Matterhorn may be named after the famous Swiss mountain, but its layout is more cave-like than mountainous. You enter off Cuba Street, down a long anonymous hallway. It’s dimly lit. Tables are tucked away into burrowed corners and secluded alcoves. It’s hard to tell how big the place is—whether it’s big at all. There’s a certain air to the place.

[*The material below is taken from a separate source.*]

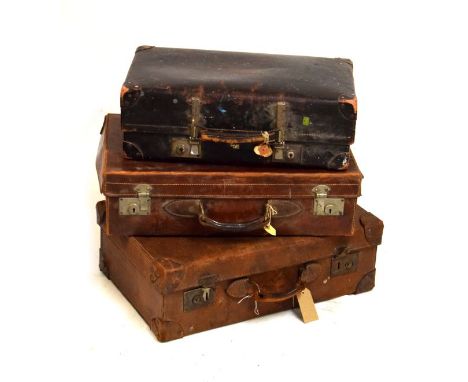 Three vintage leather suitcases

But ‘Matterhorn’ is no misnomer. Its name comes from its history—it started as a Swiss coffee house, way back in the early ‘60s. Since then it’s evolved gradually into the iconic establishment that it is today. It’s done so through a tricky triple act. It’s first and foremost a restaurant of real calibre. Some offerings from the menu: red deer with red cabbage, red fruits, turnip and cocoa ($34); plate of pig with witloof, parsnip, pickled pear, walnut, sauce with cider ($32); and long line market fish with mussels spring cassoulet, saffron fennel, artichoke and smoked tomato ($34). You get the picture—these are the kind of meals that sit somewhere just beyond delicious.
While the food is always fine, it’s not just fine-dining. It’s a cafe and bar too, the kind that takes all sorts, where you can comfortably lounge over a couple of drinks and a couple of hours. This is its second act. Its expansive outdoor courtyard, beloved by smokers for its all seasons covering, will take and claim you. It’s small plate offering is impressive. It’s not just your usual chips and cheese-board (although both of these are on the menu). There’s tuna sashimi, oysters, mussels, fried chicken and polenta fried zucchini, the brilliance of the last of which I can testify to. If these qualify as bar snacks, Matterhorn just clocked bar snacks.

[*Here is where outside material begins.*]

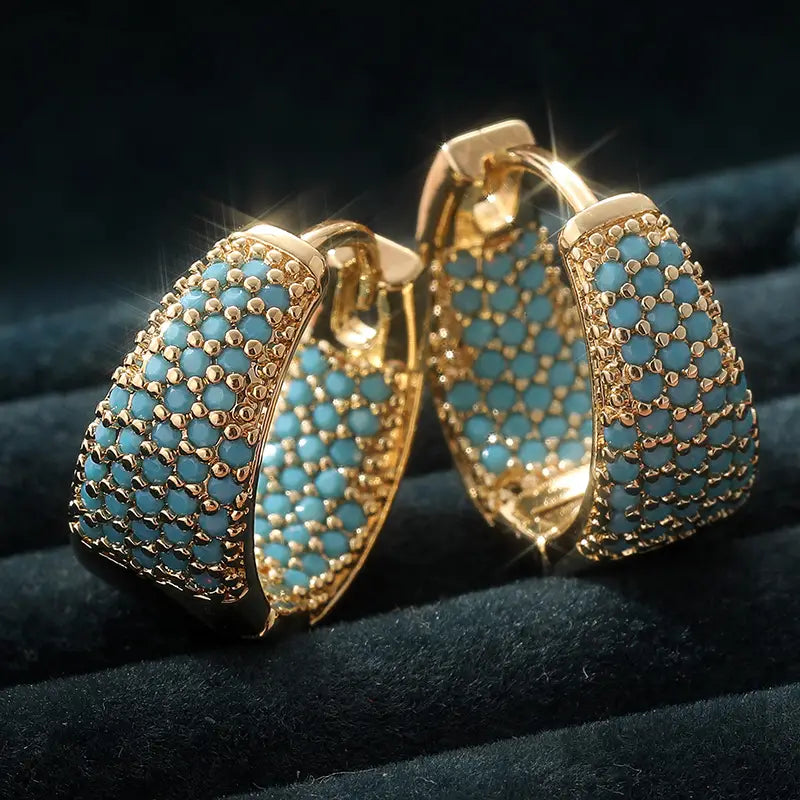 Boucles d'oreilles créoles en perle turquoise dorées Dorées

But go there late on a Friday or Saturday night and you’ll see act three—Matterhorn as respected live music venue. Fat Freddy’s Drop even live recorded their first album here, back in 2001.
Matterhorn can’t be pigeonholed. It is both refuge from Wellington’s late night mayhem and the maker of its own. And it doesn’t keep still. This November saw the introduction of a new menu—even for long-time Wellingtonians, it may be time to for another visit.